* [TASK OBJECTIVE]
Retype each entry verbatim. Do not include the images.

Records drawn from a dataset:
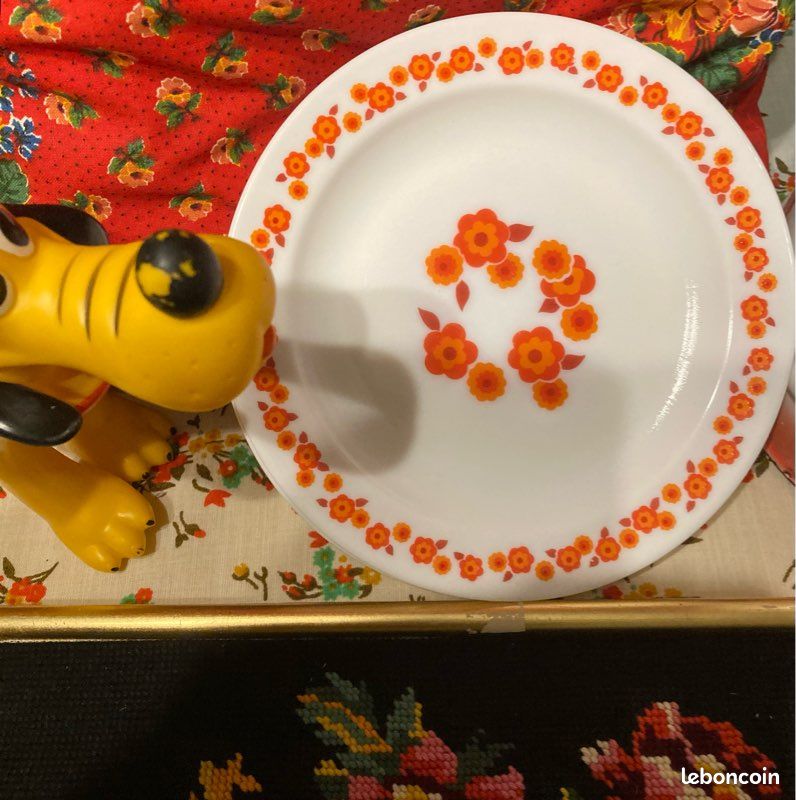 Lot 92 De 6 Petites Assiettes Arcopal Vintage France D 18,5 Cm Fleurs Oranges Imgx1200 1197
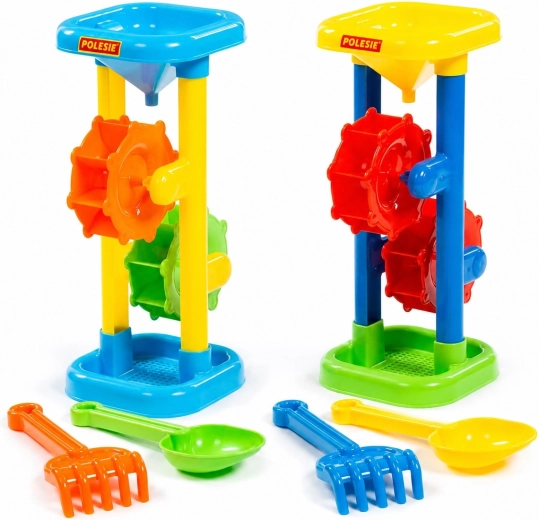 Mulino per bambini per sabbia e acqua con paletta e rastrello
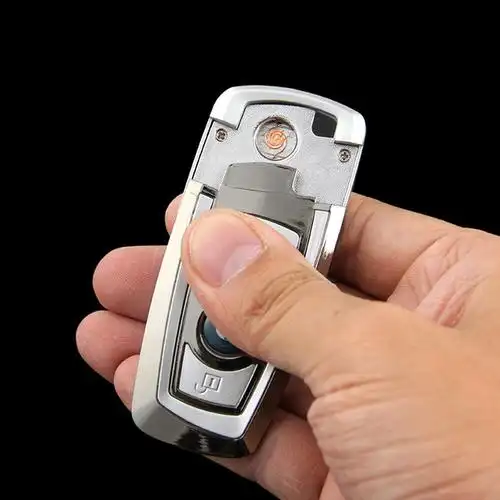 创意宝马汽车钥匙充电电弧打火机usb电子点菸器车标环保打火机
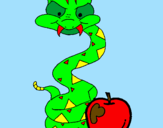 Desenho Serpente e maçã pintado por bela  estefane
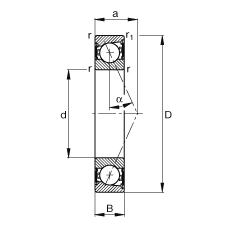 主軸軸承 B7018-E-2RSD-T-P4S, 調(diào)節(jié)，成對安裝，接觸角 α = 25°，兩側(cè)唇密封，非接觸，限制公差
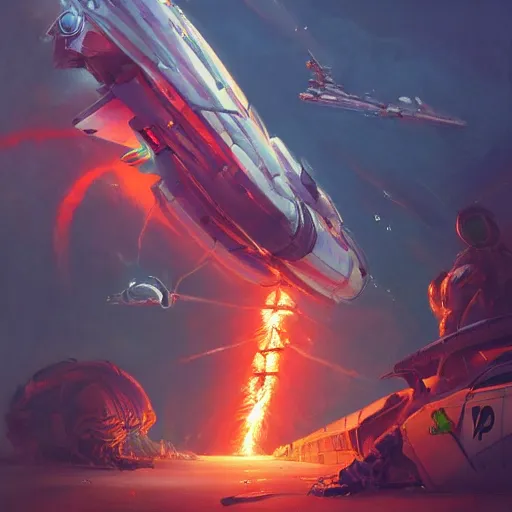 Image similar to a beautiful battle spaceship sticking in the ground, the spaceship is on fire, smoke, crash, accident, lightning, angry, kinetic, john sargent, adolphe bouguereaum, peter deligdisch, jama jurabaev, sachin teng, sergey kolesov, ruan jia, trending on artstation, highly detailed oil painting,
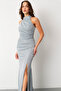 Women's Mint Green Halter Neck Slit Glitter Long Evening Dress - 3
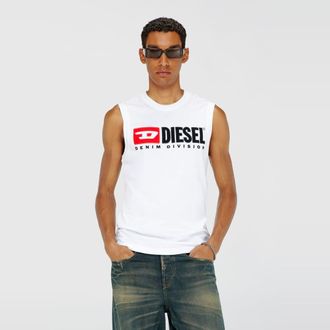 Diesel Tank top with chest logo print - T-Shirts - Man - White
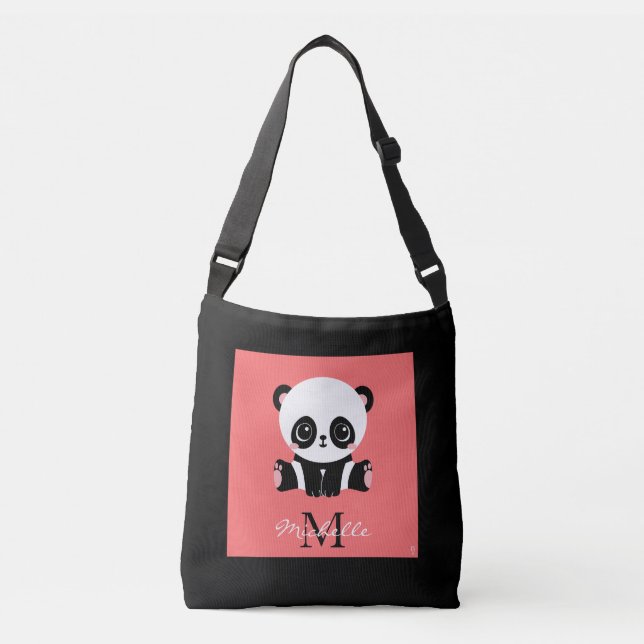 Bolso Cruzado Salmón personalizado monograma corto con panda (Anverso)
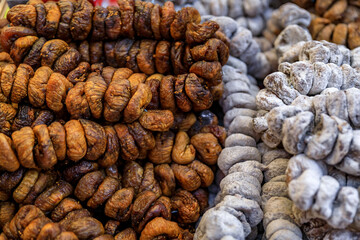 Dried sugar coated figs for sale in at an outdoor farmer's market in old town Kotor, Montenegro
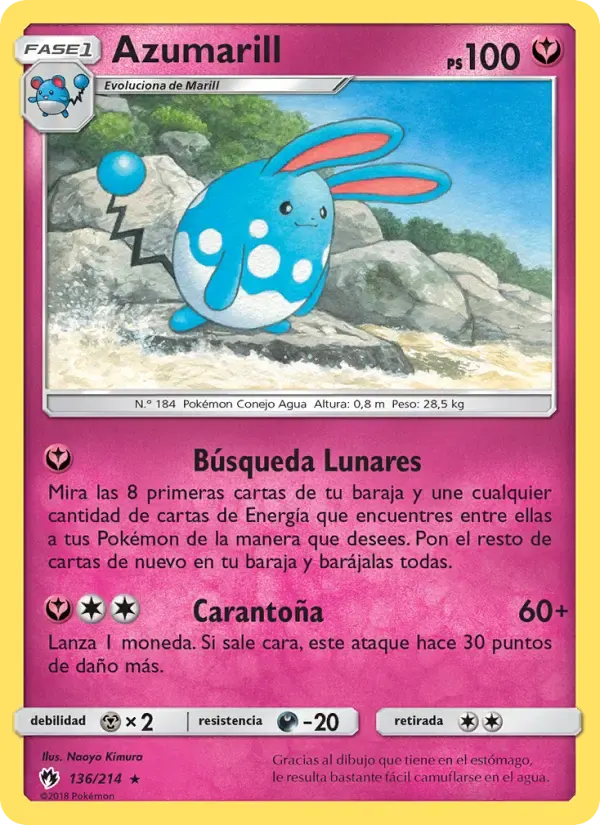 Azumarill — Truenos Perdidos 136 Spanish Pokémon card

* [RESPONSE AREA]
 Lot 92 De 6 Petites Assiettes Arcopal Vintage France D 18,5 Cm Fleurs Oranges Imgx1200 1197
 Mulino per bambini per sabbia e acqua con paletta e rastrello
 创意宝马汽车钥匙充电电弧打火机usb电子点菸器车标环保打火机
 Desenho Serpente e maçã pintado por bela  estefane
 主軸軸承 B7018-E-2RSD-T-P4S, 調(diào)節(jié)，成對安裝，接觸角 α = 25°，兩側(cè)唇密封，非接觸，限制公差
 Image similar to a beautiful battle spaceship sticking in the ground, the spaceship is on fire, smoke, crash, accident, lightning, angry, kinetic, john sargent, adolphe bouguereaum, peter deligdisch, jama jurabaev, sachin teng, sergey kolesov, ruan jia, trending on artstation, highly detailed oil painting,
 Women's Mint Green Halter Neck Slit Glitter Long Evening Dress - 3
 Diesel Tank top with chest logo print - T-Shirts - Man - White
 Bolso Cruzado Salmón personalizado monograma corto con panda (Anverso)
 Dried sugar coated figs for sale in at an outdoor farmer's market in old town Kotor, Montenegro
 Azumarill — Truenos Perdidos 136 Spanish Pokémon card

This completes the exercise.